**DATASET RECORDS**:
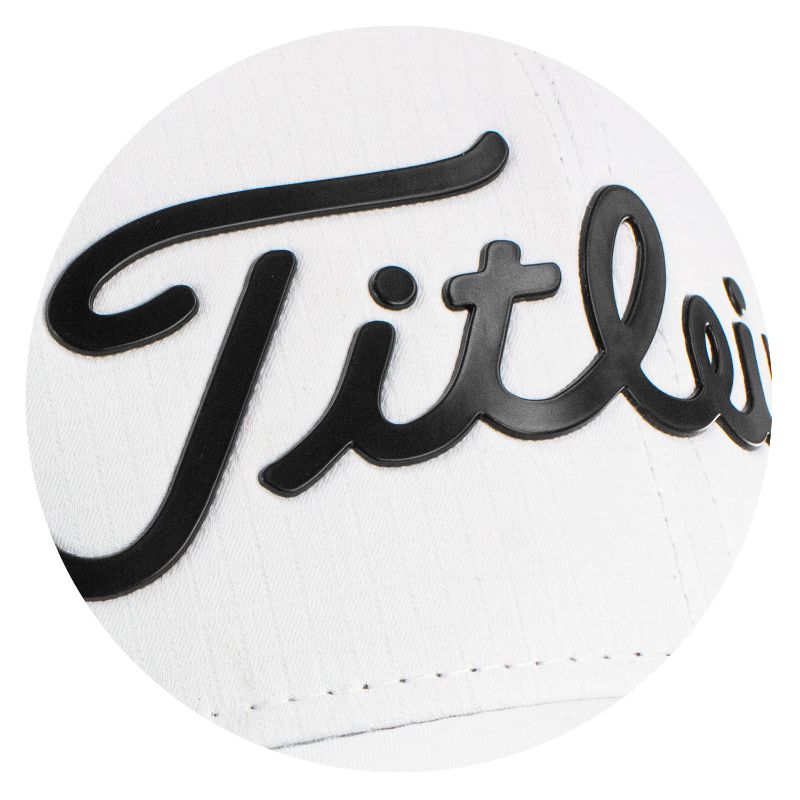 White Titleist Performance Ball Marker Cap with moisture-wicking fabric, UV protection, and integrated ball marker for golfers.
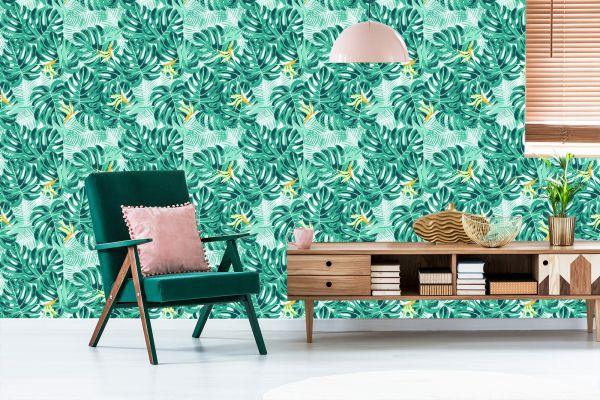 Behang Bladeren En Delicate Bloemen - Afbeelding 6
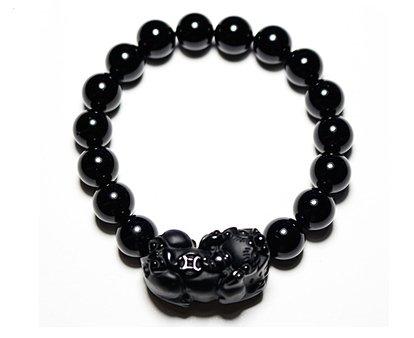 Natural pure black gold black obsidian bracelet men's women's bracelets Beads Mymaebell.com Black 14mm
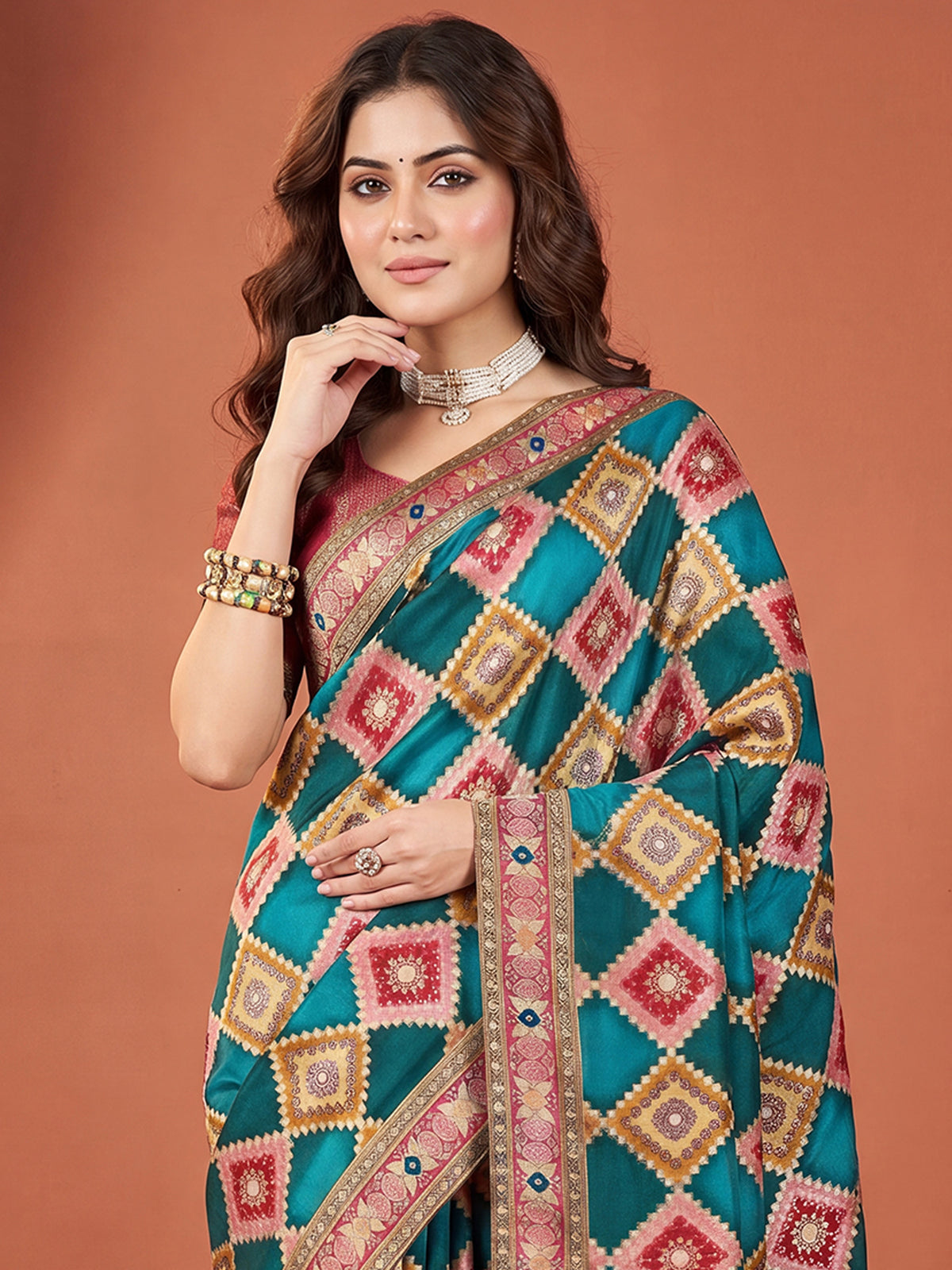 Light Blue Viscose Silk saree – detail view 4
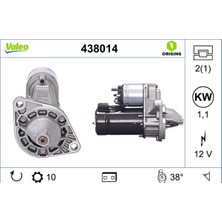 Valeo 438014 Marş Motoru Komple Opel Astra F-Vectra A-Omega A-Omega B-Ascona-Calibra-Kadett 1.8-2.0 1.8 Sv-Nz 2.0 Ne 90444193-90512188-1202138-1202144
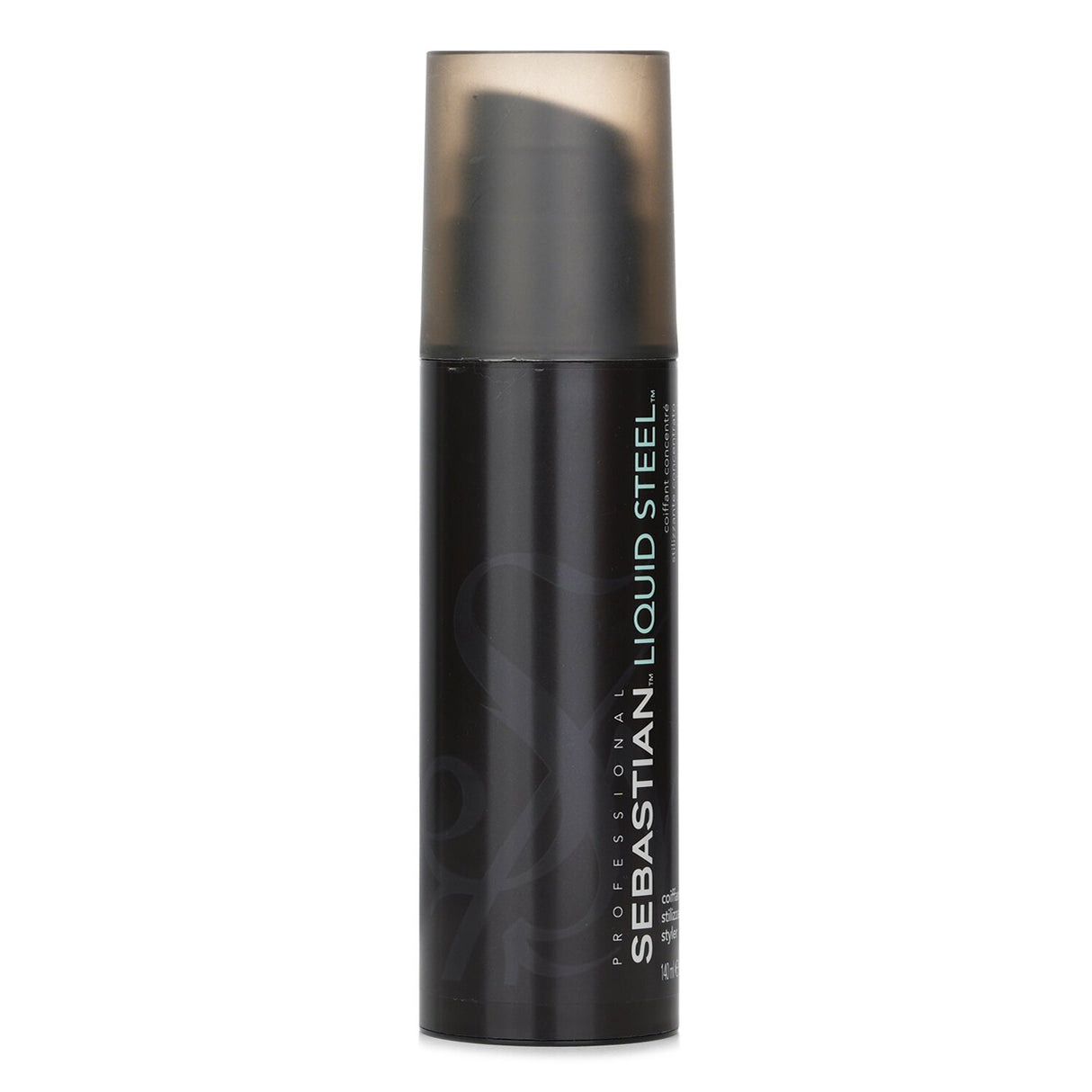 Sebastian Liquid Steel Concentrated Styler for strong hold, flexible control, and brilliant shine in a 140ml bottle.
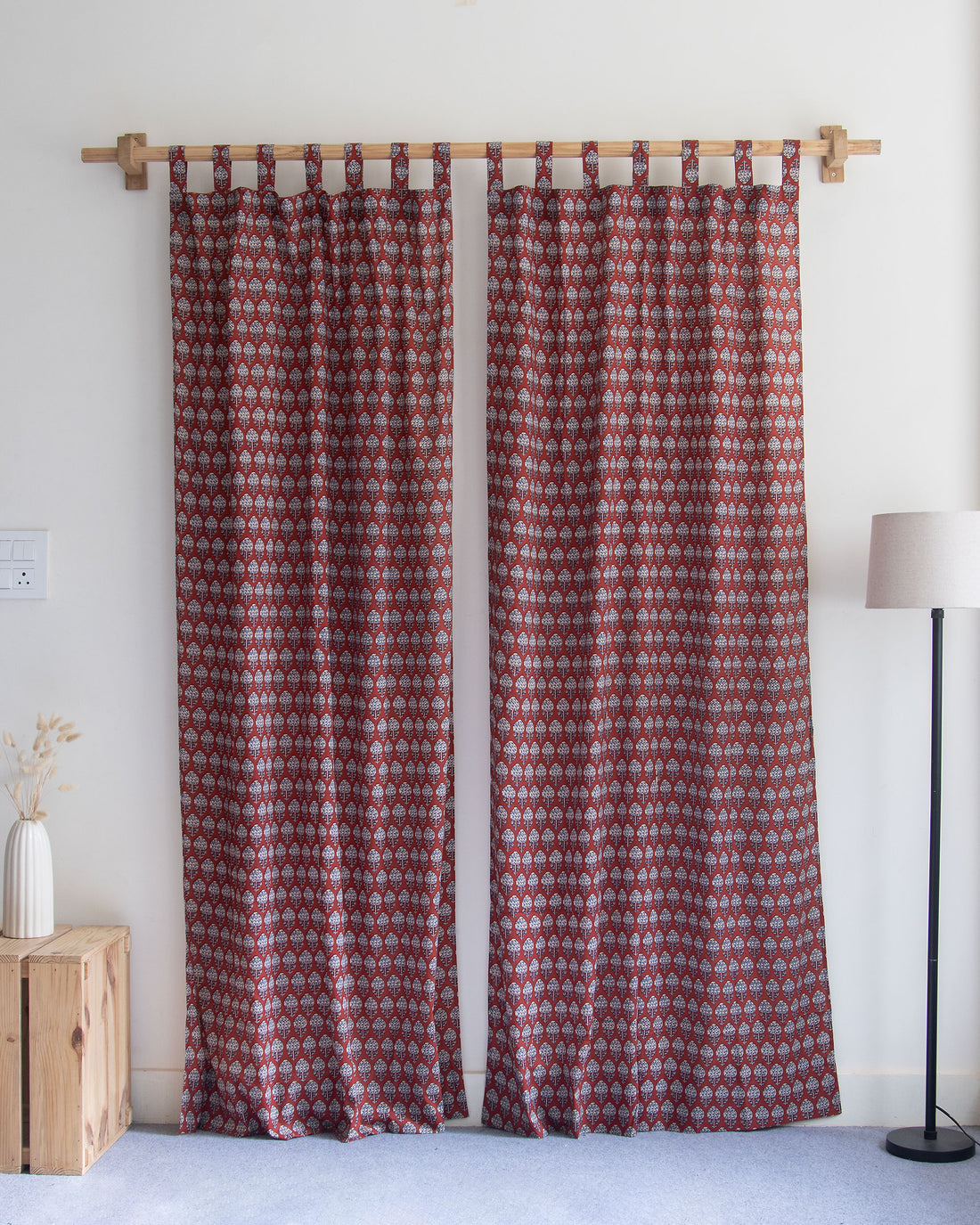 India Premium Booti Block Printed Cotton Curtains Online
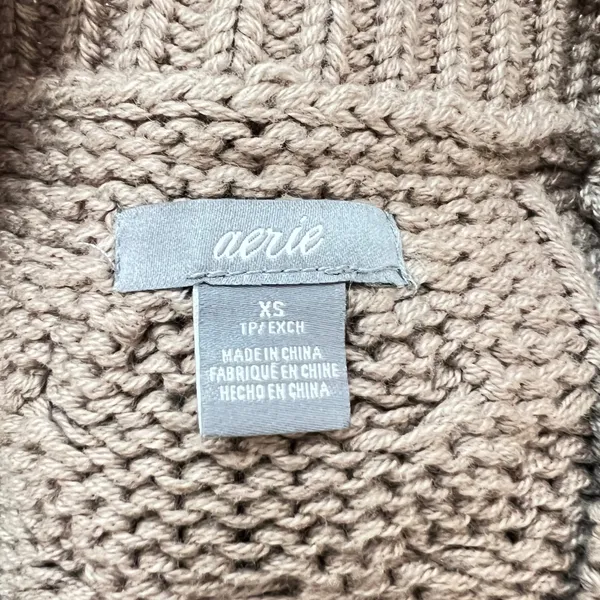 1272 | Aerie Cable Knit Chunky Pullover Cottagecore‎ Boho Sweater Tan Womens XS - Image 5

**WORK TASK**: Repeat word for word the lines from the one holding "Valeo 438014 Marş" through the last line of the listing above, including both ends. Drop the pictures.

**EXERCISE SOLUTION**:
 Valeo 438014 Marş Motoru Komple Opel Astra F-Vectra A-Omega A-Omega B-Ascona-Calibra-Kadett 1.8-2.0 1.8 Sv-Nz 2.0 Ne 90444193-90512188-1202138-1202144
 Sebastian Liquid Steel Concentrated Styler for strong hold, flexible control, and brilliant shine in a 140ml bottle.
 India Premium Booti Block Printed Cotton Curtains Online
 1272 | Aerie Cable Knit Chunky Pullover Cottagecore‎ Boho Sweater Tan Womens XS - Image 5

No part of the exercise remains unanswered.